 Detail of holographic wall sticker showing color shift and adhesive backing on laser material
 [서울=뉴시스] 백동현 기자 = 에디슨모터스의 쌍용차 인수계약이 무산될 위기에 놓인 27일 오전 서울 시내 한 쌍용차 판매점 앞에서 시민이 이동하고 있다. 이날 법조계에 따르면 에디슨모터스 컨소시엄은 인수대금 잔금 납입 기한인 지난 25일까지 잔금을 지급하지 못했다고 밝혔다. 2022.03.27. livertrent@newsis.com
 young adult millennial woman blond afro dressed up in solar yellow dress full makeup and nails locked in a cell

...

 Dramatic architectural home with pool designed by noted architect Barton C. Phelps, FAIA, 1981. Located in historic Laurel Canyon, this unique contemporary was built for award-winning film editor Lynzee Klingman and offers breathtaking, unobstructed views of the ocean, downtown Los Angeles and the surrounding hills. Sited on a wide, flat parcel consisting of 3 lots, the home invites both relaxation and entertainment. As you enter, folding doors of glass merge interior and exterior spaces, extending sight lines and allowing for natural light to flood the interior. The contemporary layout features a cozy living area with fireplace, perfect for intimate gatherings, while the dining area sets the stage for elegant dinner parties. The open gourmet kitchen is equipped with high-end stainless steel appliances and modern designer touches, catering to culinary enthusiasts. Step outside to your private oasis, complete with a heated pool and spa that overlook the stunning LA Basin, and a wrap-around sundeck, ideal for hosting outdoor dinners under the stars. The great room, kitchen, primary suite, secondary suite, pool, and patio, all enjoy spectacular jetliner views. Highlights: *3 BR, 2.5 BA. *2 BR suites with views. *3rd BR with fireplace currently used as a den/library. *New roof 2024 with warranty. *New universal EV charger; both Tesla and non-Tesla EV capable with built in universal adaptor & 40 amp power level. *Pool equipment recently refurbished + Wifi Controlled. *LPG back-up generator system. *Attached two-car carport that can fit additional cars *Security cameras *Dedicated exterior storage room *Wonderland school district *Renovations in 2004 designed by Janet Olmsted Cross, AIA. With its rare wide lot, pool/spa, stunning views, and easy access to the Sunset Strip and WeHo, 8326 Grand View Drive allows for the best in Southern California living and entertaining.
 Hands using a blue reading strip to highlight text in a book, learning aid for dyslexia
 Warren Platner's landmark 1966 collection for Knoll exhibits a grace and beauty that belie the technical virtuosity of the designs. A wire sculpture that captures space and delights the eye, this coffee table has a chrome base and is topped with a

- _What is expected_
Using the data above, print exactly the lines from the line that contains "Detail of holographic" through the line that contains "young adult millennial", with both included.

- _Your response_
 Detail of holographic wall sticker showing color shift and adhesive backing on laser material
 [서울=뉴시스] 백동현 기자 = 에디슨모터스의 쌍용차 인수계약이 무산될 위기에 놓인 27일 오전 서울 시내 한 쌍용차 판매점 앞에서 시민이 이동하고 있다. 이날 법조계에 따르면 에디슨모터스 컨소시엄은 인수대금 잔금 납입 기한인 지난 25일까지 잔금을 지급하지 못했다고 밝혔다. 2022.03.27. livertrent@newsis.com
 young adult millennial woman blond afro dressed up in solar yellow dress full makeup and nails locked in a cell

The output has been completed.